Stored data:
*** Block opens ***

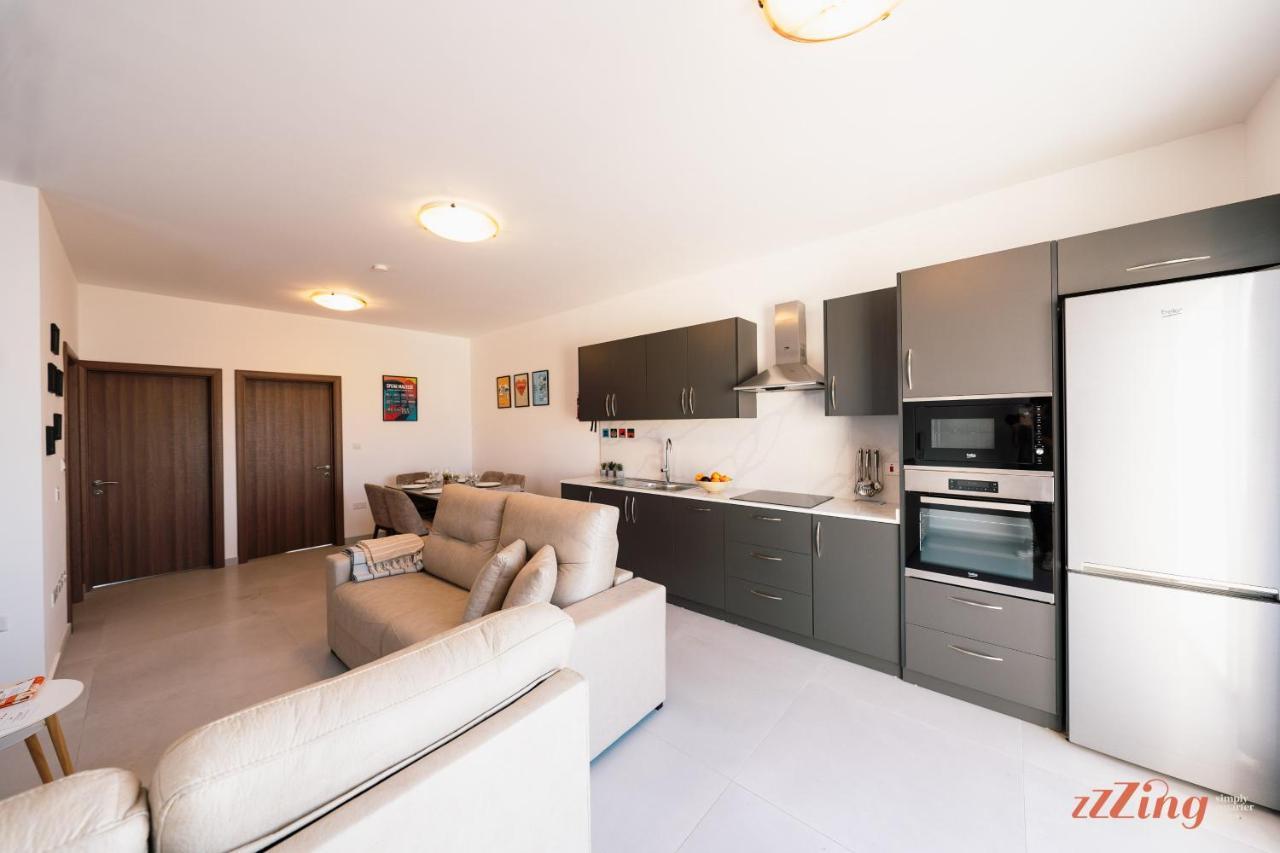 Modern Apartments In Malta'S Charming Моста Екстериор снимка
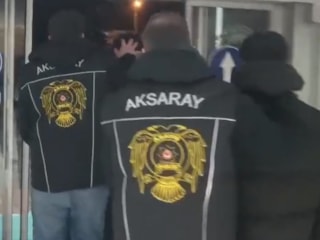 Aksaray'da bıçakçı dükkanını soyan 3 şüpheli yakalandı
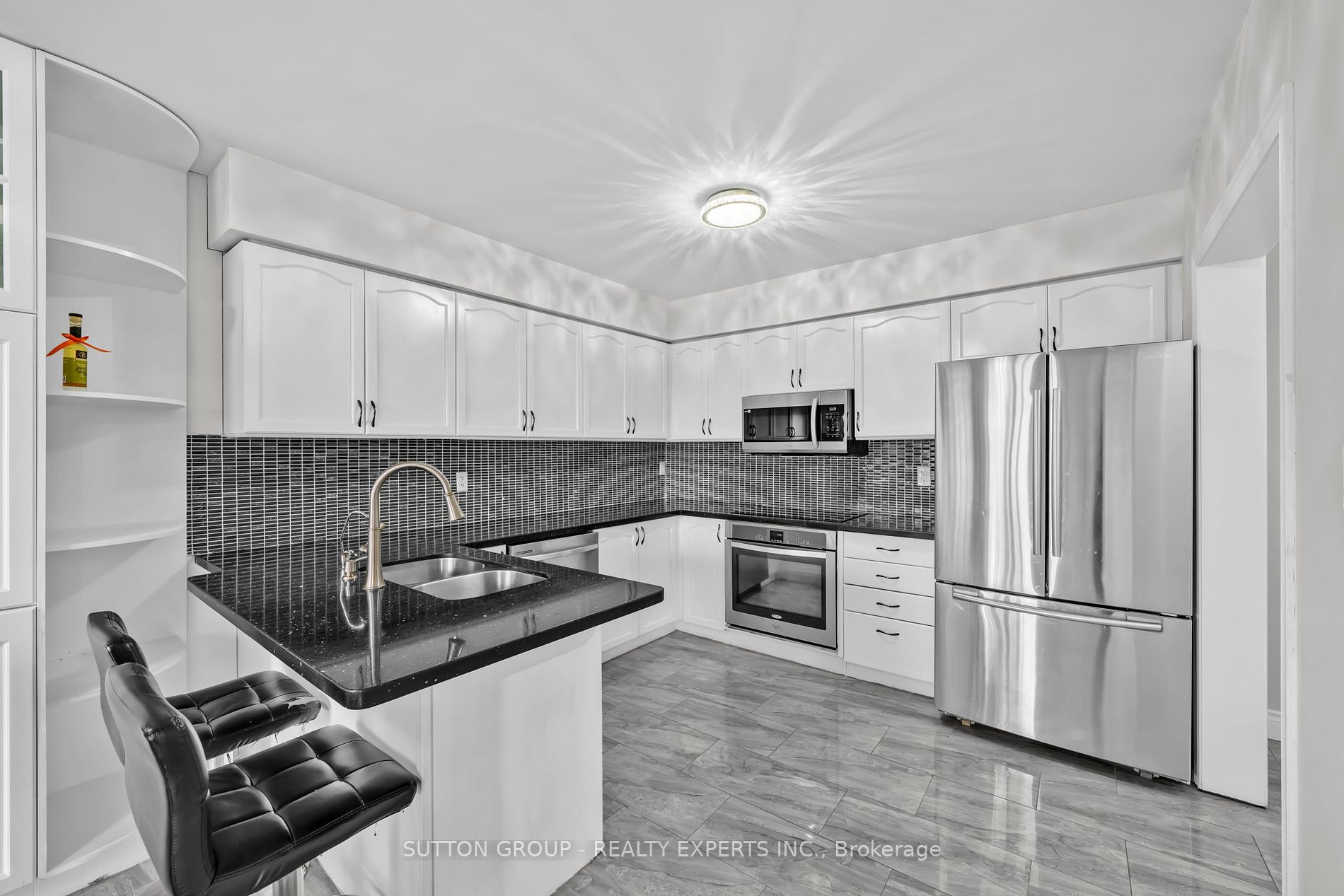 17 Atira Ave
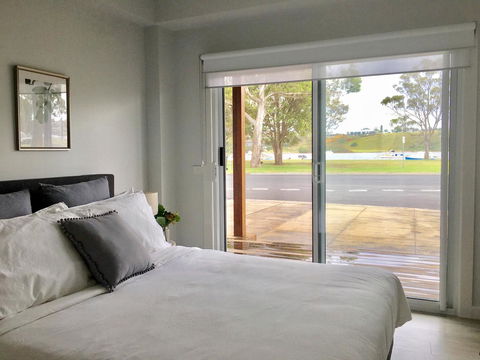 The Wheelhouse - 2BR Waterfront Apt In Town - Broome Tourism 3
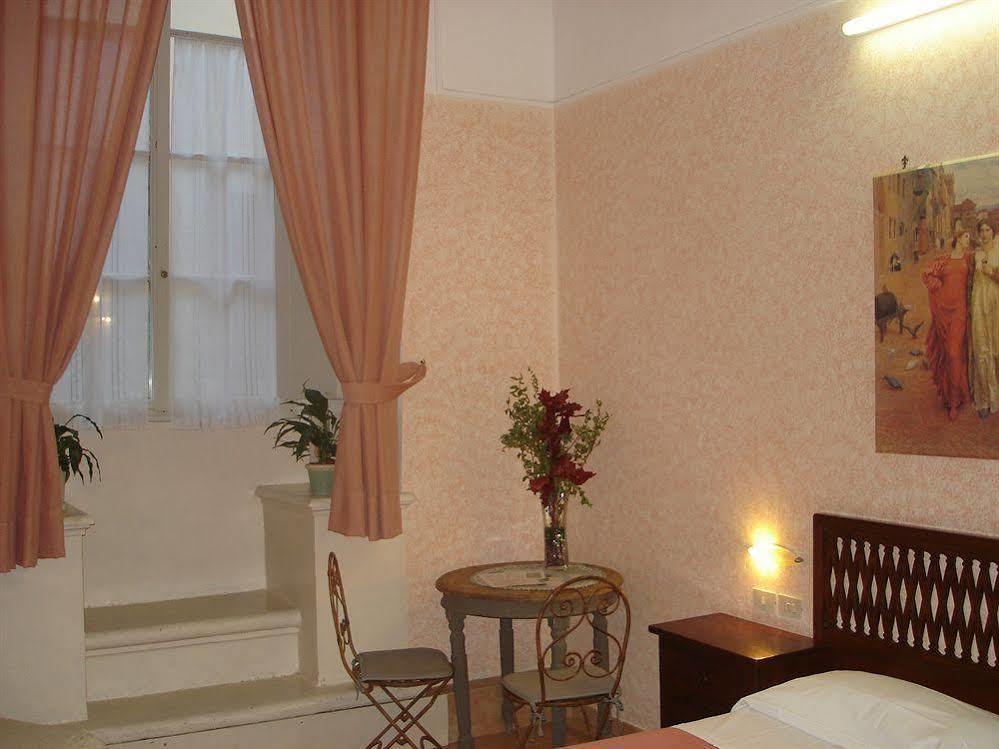 Locanda Orchidea Florence Exterior photo
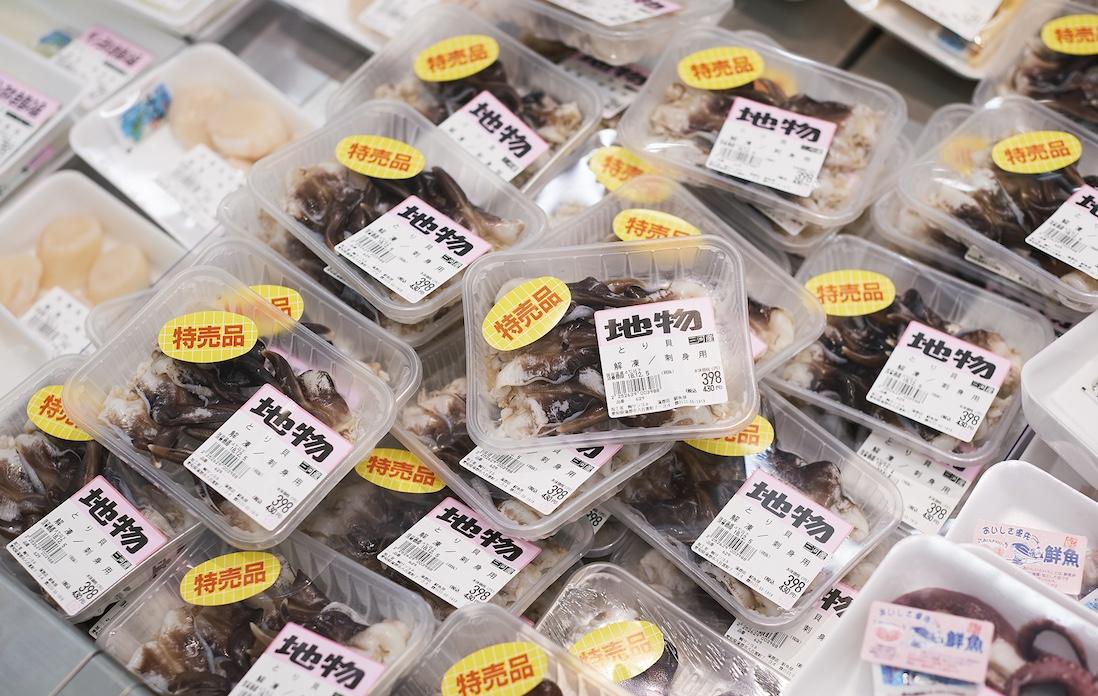 鮮魚コーナーには地元産を中心にずらりと新鮮な魚が並ぶ。まるで、市場にいるかのようだ。注文した魚を、その場でさばいてもくれる。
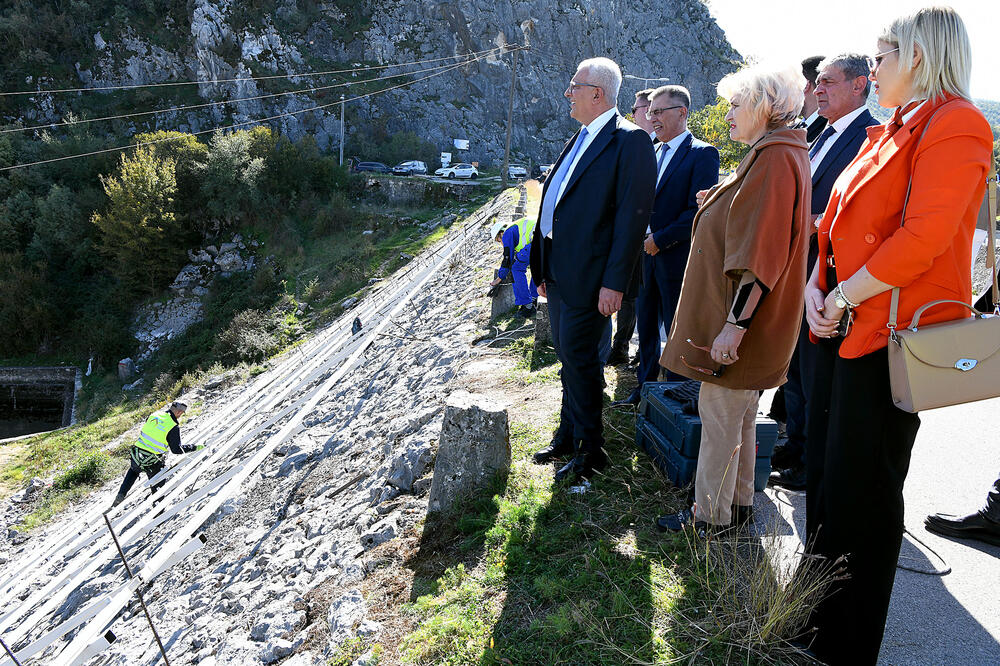 Foto: EPCG Solar gradnja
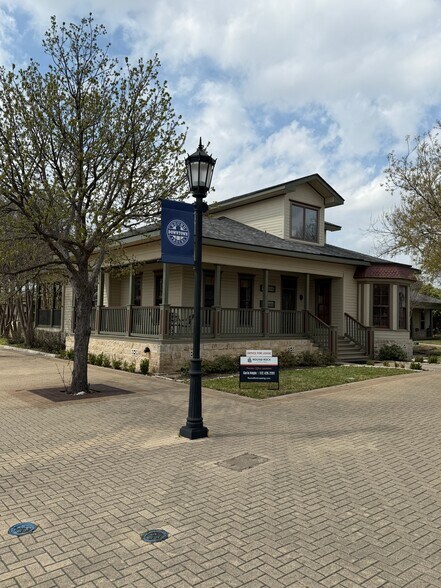 More Photos Of 411 W Main St, Round Rock Unknown For Lease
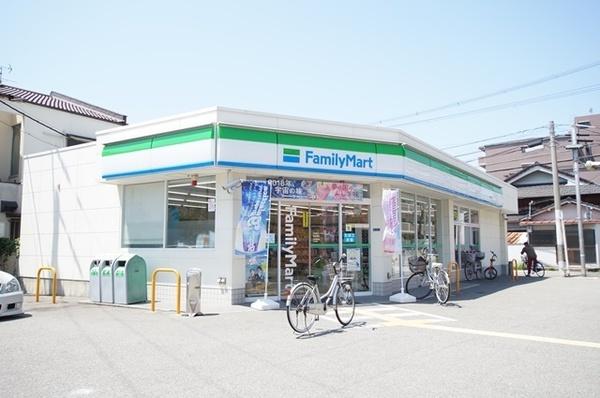 【尼崎市杭瀬本町のマンションのコンビニ】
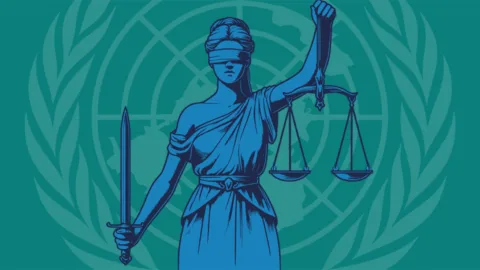 Simbolo della giustizia (donna bendata con spada e bilancia) con sfondo logo delle Nazioni Unite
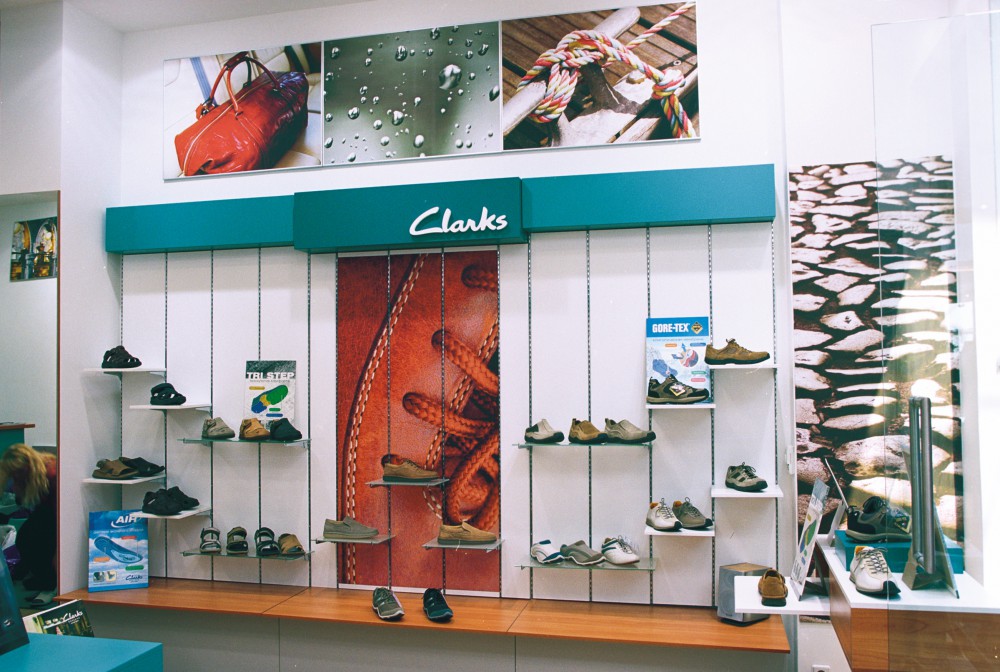 Адаптация бренда сети обувных магазинов Сlarks в России 3
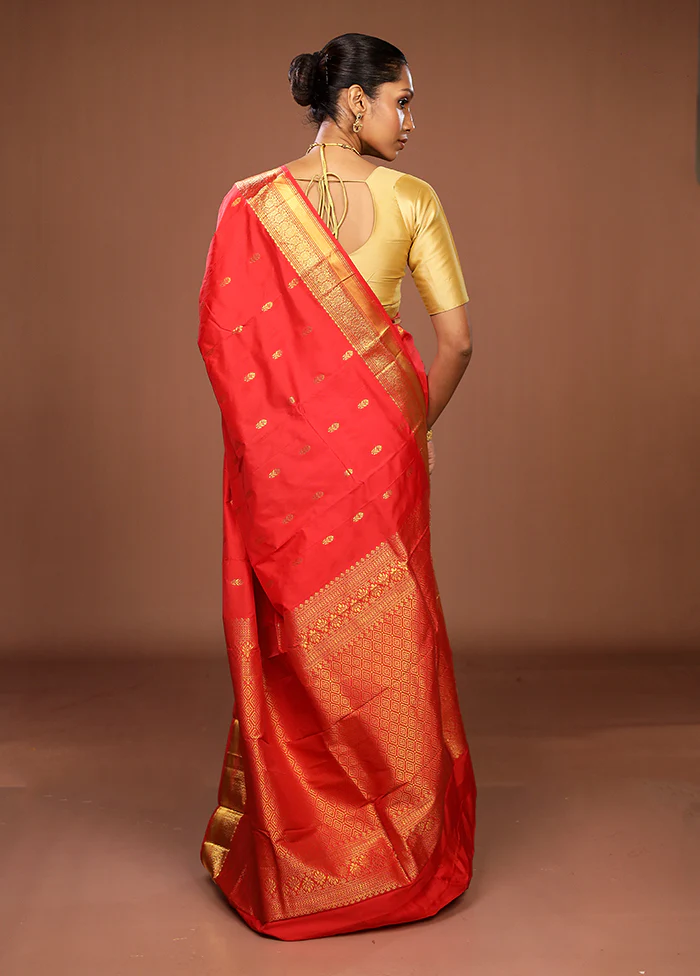 Red Kanjivaram Silk Saree With Blouse Piece - Image 3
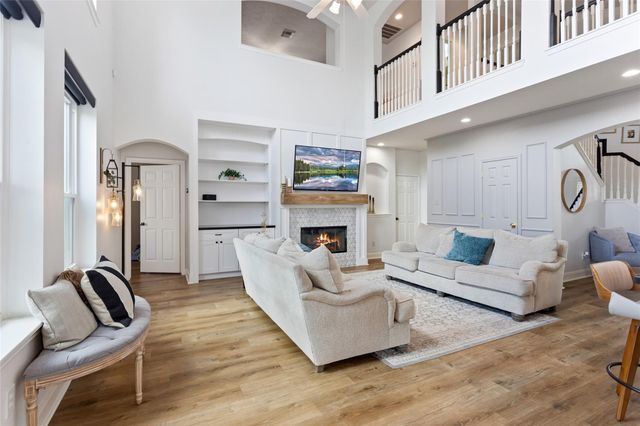 430 Overlook Drive, Friendswood, TX 77546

*** Block closes ***

TASK BRIEF. Line by line, print the records exactly, leaving the pictures behind.

THE COMPLETED TASK.
 Modern Apartments In Malta'S Charming Моста Екстериор снимка
 Aksaray'da bıçakçı dükkanını soyan 3 şüpheli yakalandı
 17 Atira Ave
 The Wheelhouse - 2BR Waterfront Apt In Town - Broome Tourism 3
 Locanda Orchidea Florence Exterior photo
 鮮魚コーナーには地元産を中心にずらりと新鮮な魚が並ぶ。まるで、市場にいるかのようだ。注文した魚を、その場でさばいてもくれる。
 Foto: EPCG Solar gradnja
 More Photos Of 411 W Main St, Round Rock Unknown For Lease
 【尼崎市杭瀬本町のマンションのコンビニ】
 Simbolo della giustizia (donna bendata con spada e bilancia) con sfondo logo delle Nazioni Unite
 Адаптация бренда сети обувных магазинов Сlarks в России 3
 Red Kanjivaram Silk Saree With Blouse Piece - Image 3
 430 Overlook Drive, Friendswood, TX 77546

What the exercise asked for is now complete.